Begin the copy at the line that contains "Porsche Cayenne 2018 photo 4", end it at the last line of the entries below, keep every word exact, and include no pictures.

§

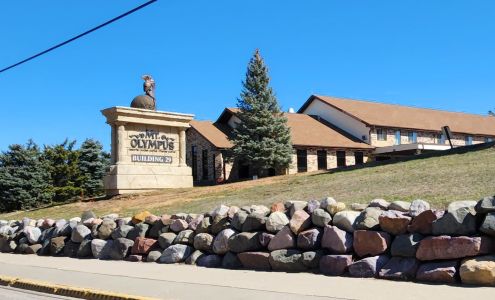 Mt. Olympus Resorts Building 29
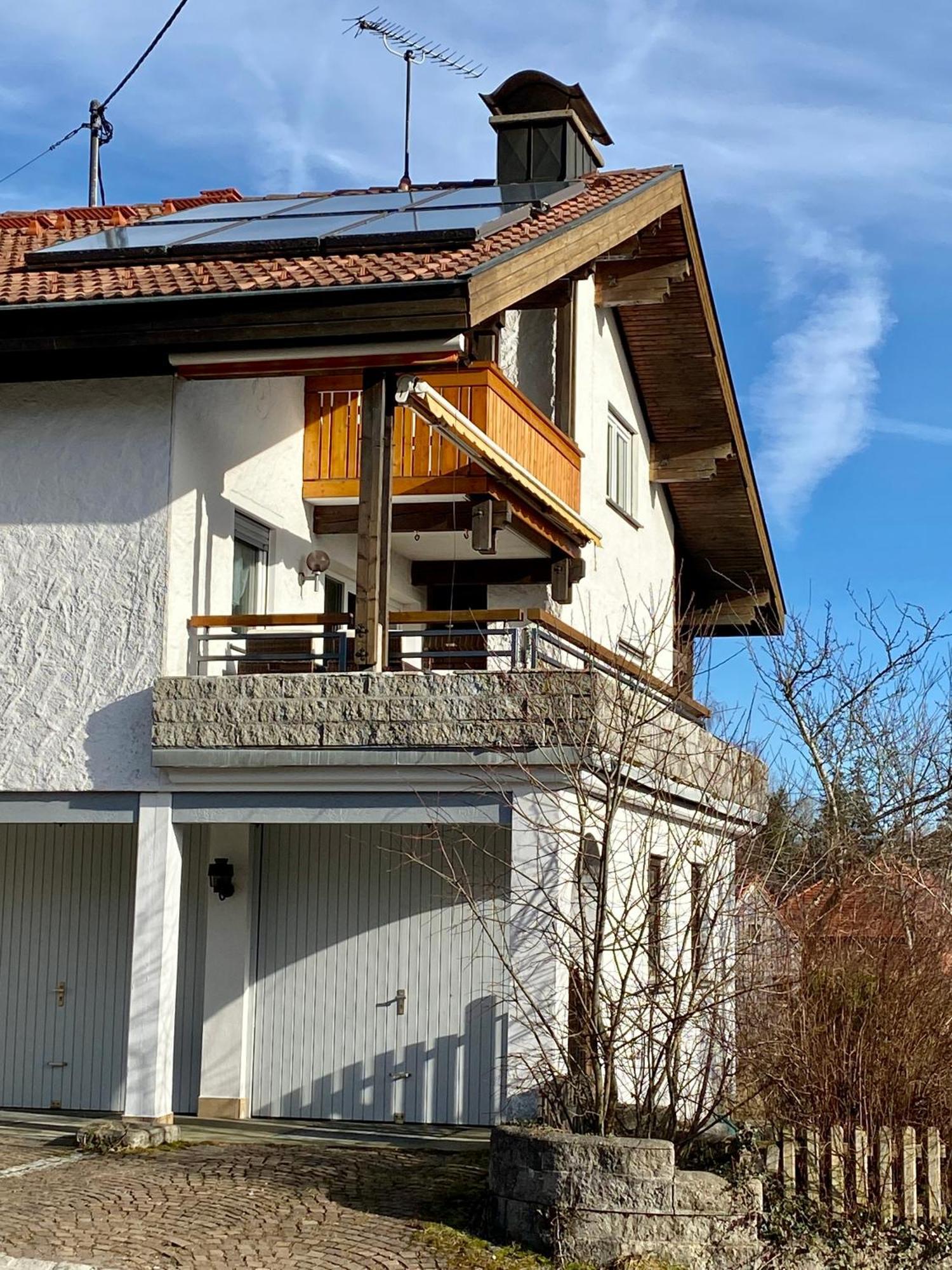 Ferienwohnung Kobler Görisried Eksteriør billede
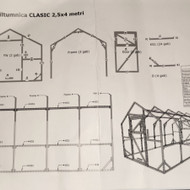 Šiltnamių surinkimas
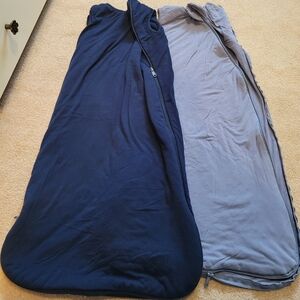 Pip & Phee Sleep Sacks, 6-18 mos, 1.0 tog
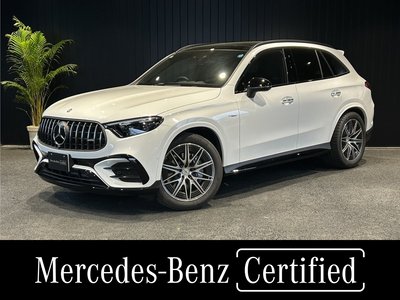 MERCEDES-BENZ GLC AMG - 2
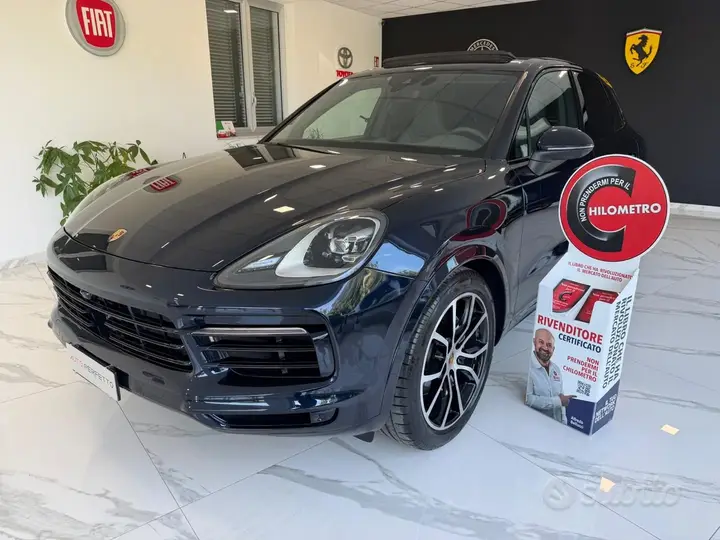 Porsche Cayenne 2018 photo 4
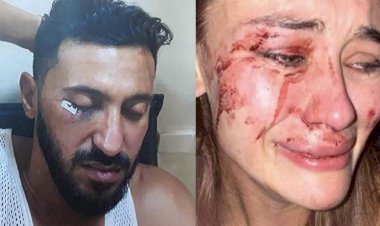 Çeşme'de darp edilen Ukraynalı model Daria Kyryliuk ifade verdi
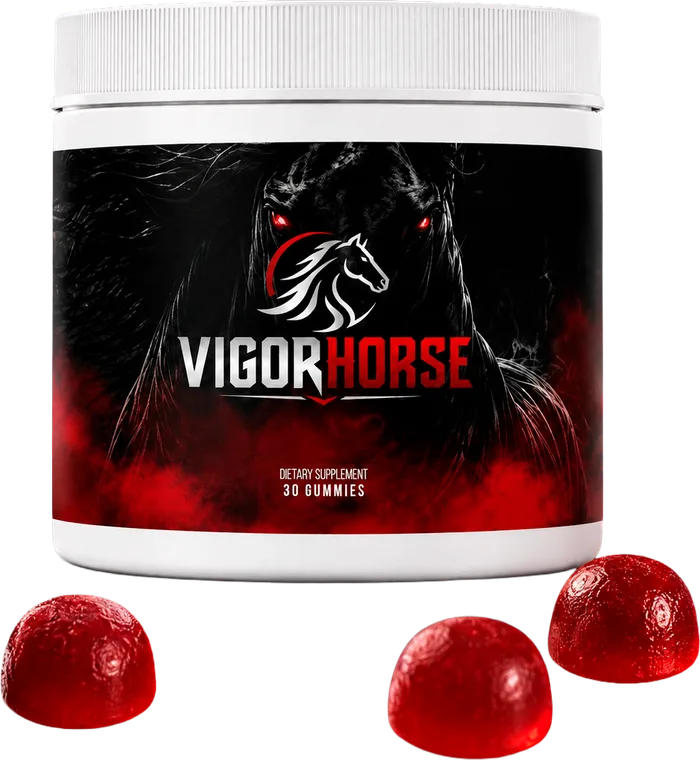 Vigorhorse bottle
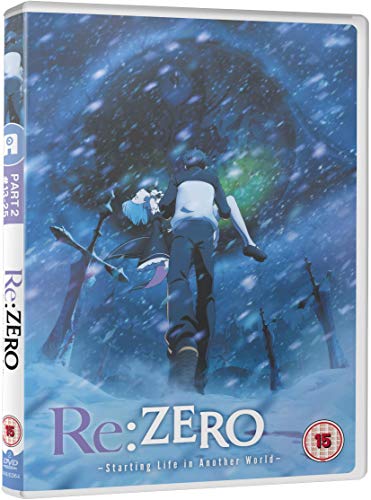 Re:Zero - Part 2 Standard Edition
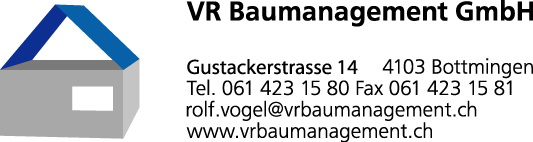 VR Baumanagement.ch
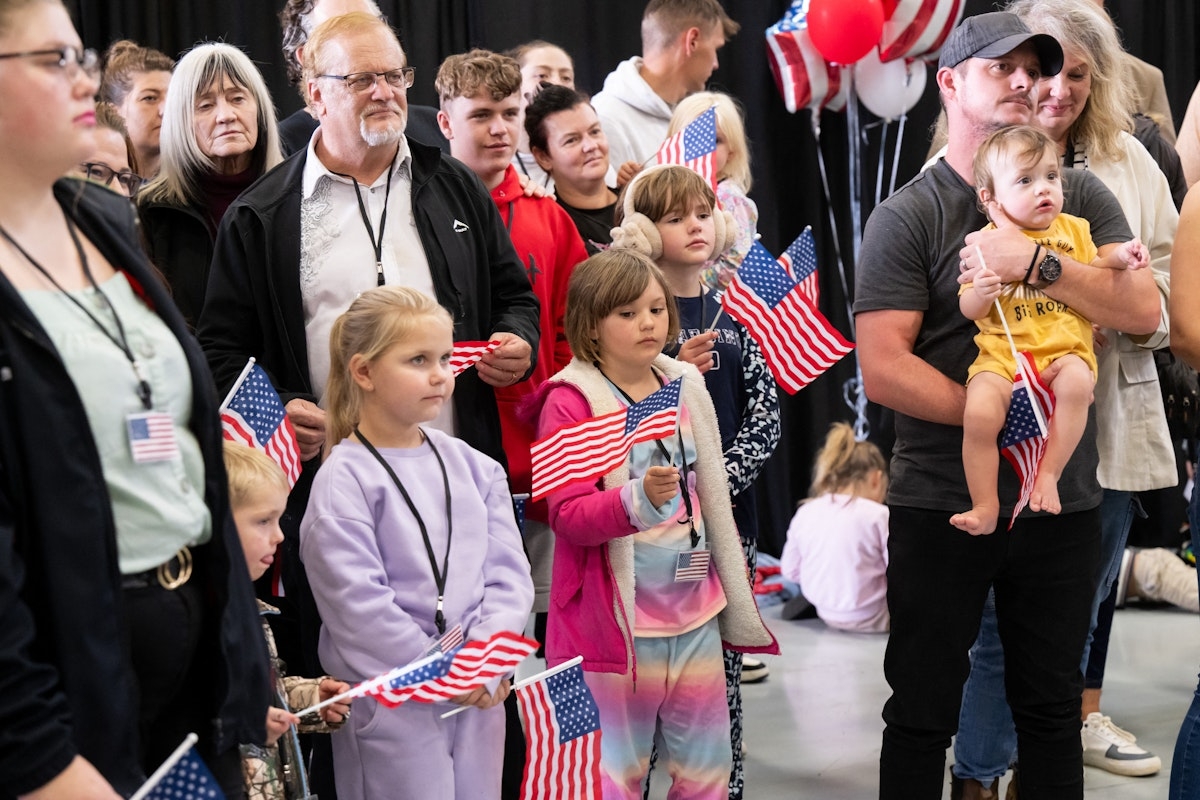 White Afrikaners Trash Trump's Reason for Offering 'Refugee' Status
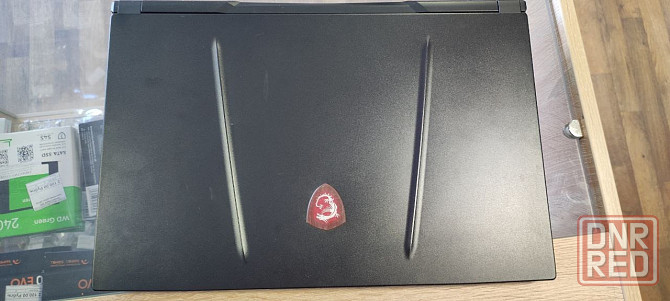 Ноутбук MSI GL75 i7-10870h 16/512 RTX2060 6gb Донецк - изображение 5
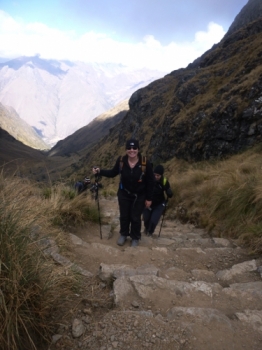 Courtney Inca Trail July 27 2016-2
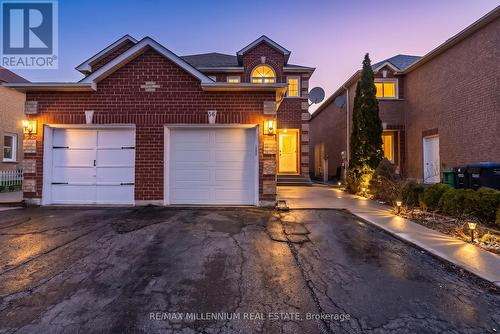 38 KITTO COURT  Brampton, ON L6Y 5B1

§

◆ **TASK RESULT**
 Porsche Cayenne 2018 photo 4
 Çeşme'de darp edilen Ukraynalı model Daria Kyryliuk ifade verdi
 Vigorhorse bottle
 Re:Zero - Part 2 Standard Edition
 VR Baumanagement.ch
 White Afrikaners Trash Trump's Reason for Offering 'Refugee' Status
 Ноутбук MSI GL75 i7-10870h 16/512 RTX2060 6gb Донецк - изображение 5
 Courtney Inca Trail July 27 2016-2
 38 KITTO COURT  Brampton, ON L6Y 5B1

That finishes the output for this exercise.